One of the biggest names in Mandarin-language pop has capped a long-awaited comeback with her genre's most prestigious prize — and the story of the winning album runs, in part, through a recording studio partnership with a British producer.
A prize-winning comeback
Jolin Tsai, the Taiwanese superstar often described as the "Queen of C-pop," won Album of the Year at the 37th Golden Melody Awards — Taiwan's equivalent of the Grammys — for her record "Pleasure," Variety reported. The win, announced in June, capped a strong run for an album released in mid-2025 after a gap of several years, and confirmed Tsai's standing at the top of Mandopop, as Yahoo Entertainment and AFP noted.
The album
"Pleasure" is a deliberately bold record. Sung in a mix of Mandarin and English, it is built as a concept album around the theme of the seven deadly sins, reframing desire as a natural human instinct rather than a moral failing. Musically it leans into darker, club-oriented electronic pop — drawing on house, techno and disco — a moodier direction than much of Tsai's earlier work.
For an artist who has spent a career reinventing herself and pushing dance music into the Mandopop mainstream, it was a characteristically ambitious move, and one on which she took unusually hands-on creative control across writing, arranging and production.
The British connection
Among the album's international collaborators is Richard Craker, a British producer and songwriter who worked on several of its tracks. Craker is not new to Tsai's music: the two have collaborated since her acclaimed 2018 album "Ugly Beauty," and their partnership continued through "Pleasure."
Craker works across the UK, the United States and a studio in Thailand, and his credits reach well beyond Asian pop — he has worked on projects including a UK number-one album by the former Oasis singer Liam Gallagher. For "Pleasure," Tsai's team drew on a globe-spanning process, with sessions and songwriting camps across several countries — a way of working that mirrors the album's cross-cultural ambitions.
Why it matters
Tsai's win, and the international makeup of the team behind it, is a small marker of a bigger trend: Mandarin-language pop's growing reach beyond Chinese-speaking audiences.

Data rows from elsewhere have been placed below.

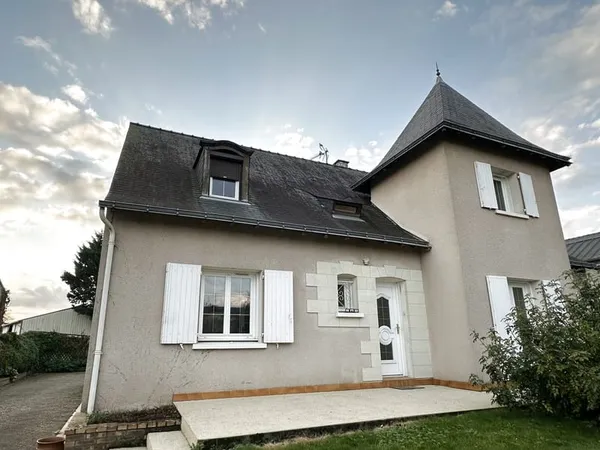 Grande maison de 4 chambres avec jardin et garages 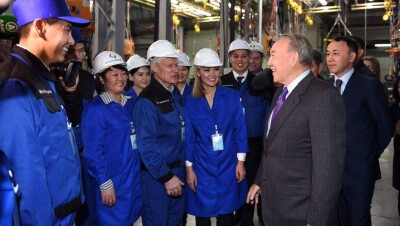 Назарбаев в Костанае рассказал историю возникновения казахстанского автопрома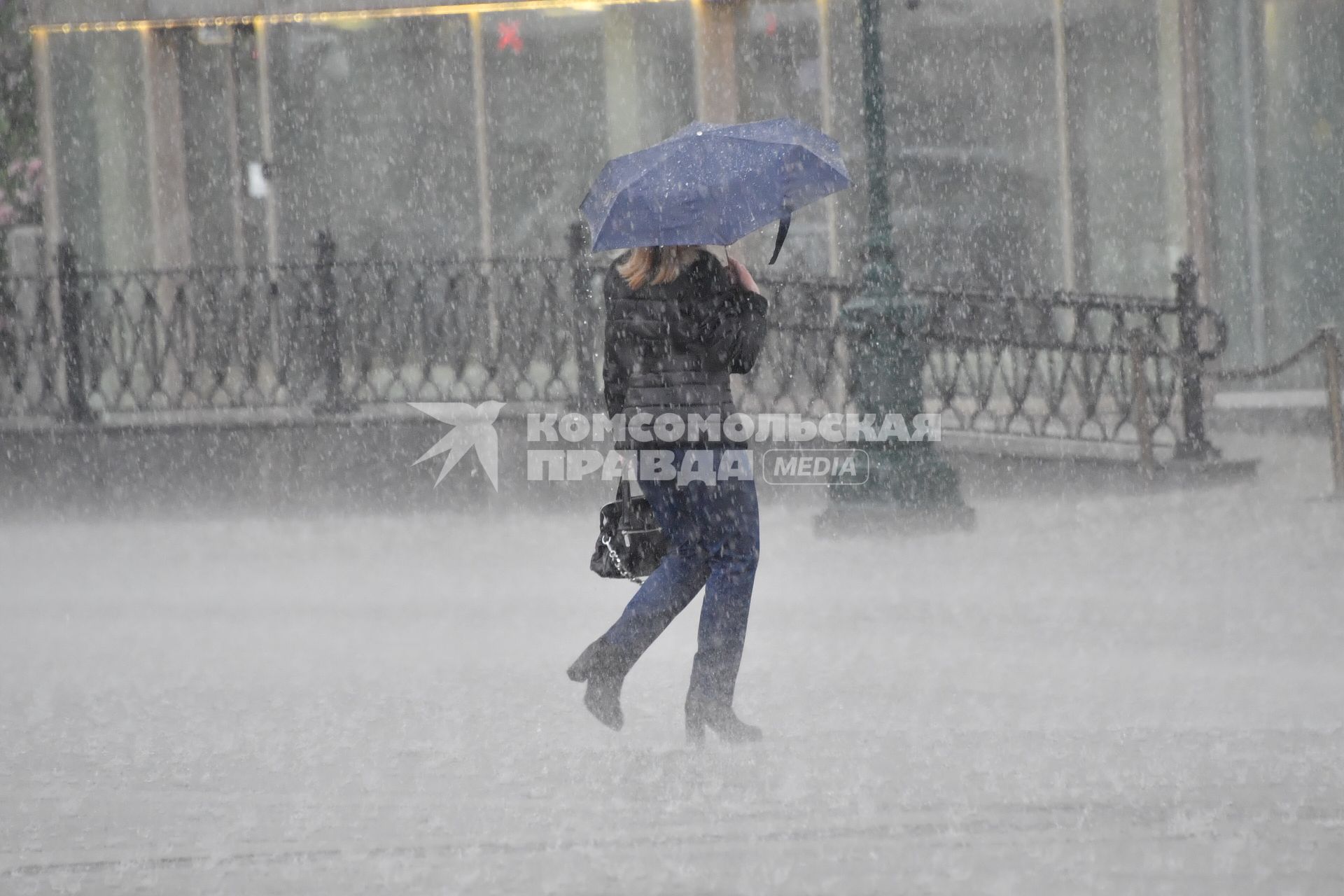 Москва.  Девушка под зонтом во время дождя.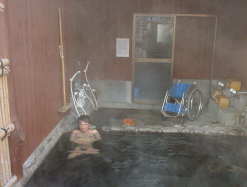 浴槽に入るとき下に大きな岩があるので入りやすい。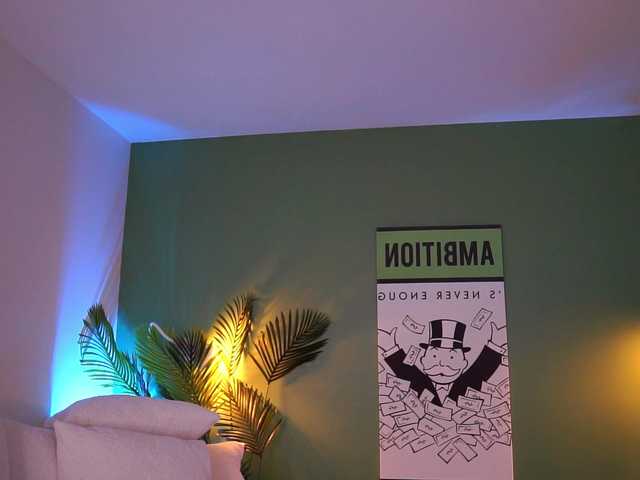 MistyReeds live cam on BongaCams
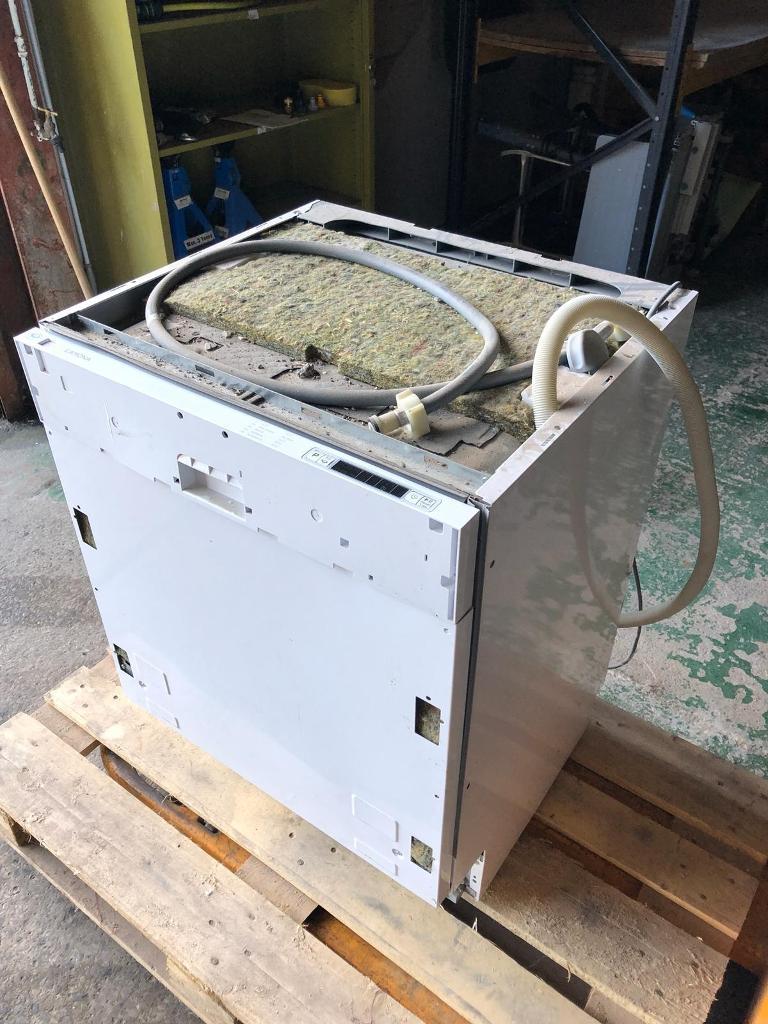 integrated dishwasher lamona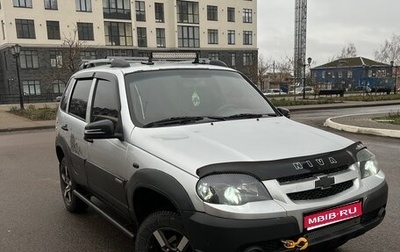 Chevrolet Niva I рестайлинг, 2010 год, 472 000 рублей, 1 фотография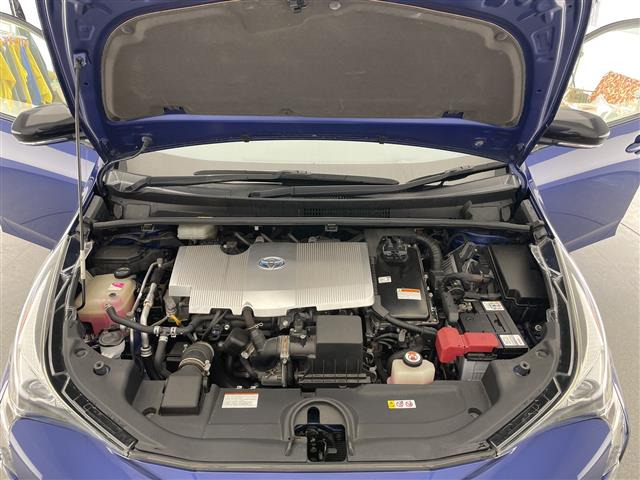 プリウス1.8 S セーフティ プラス ツートーン E-Four 4WD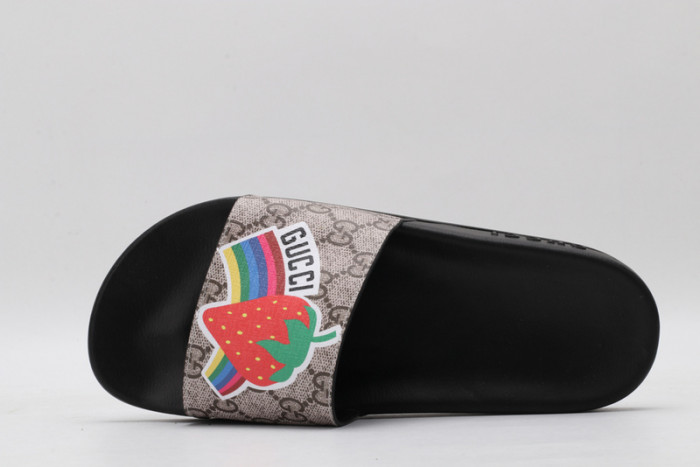 G*u*i sandals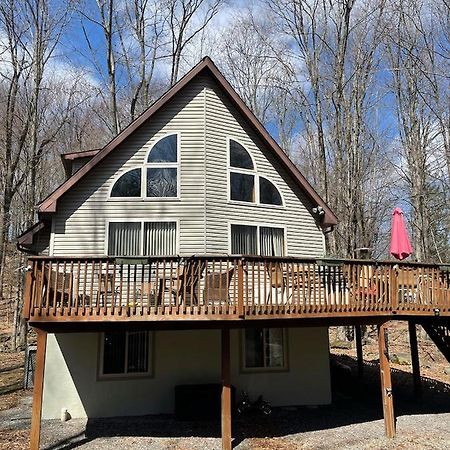 Lake Ariel Family Chalet 외부 사진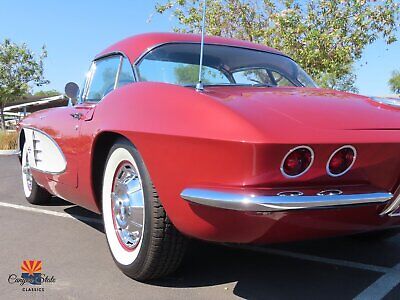 Chevrolet-Corvette-Cabriolet-1961-30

As the genre courts listeners worldwide, an album that pairs a Taiwanese icon's vision with a British producer's studio craft — and still sweeps the top honors at home — points to how Mandopop is increasingly being made with the wider world in mind.
For Tsai, more than a quarter of a century into her career, "Pleasure" is both a reinvention and a vindication: proof that an established star can take a genuine artistic risk and be rewarded for it, on her own terms.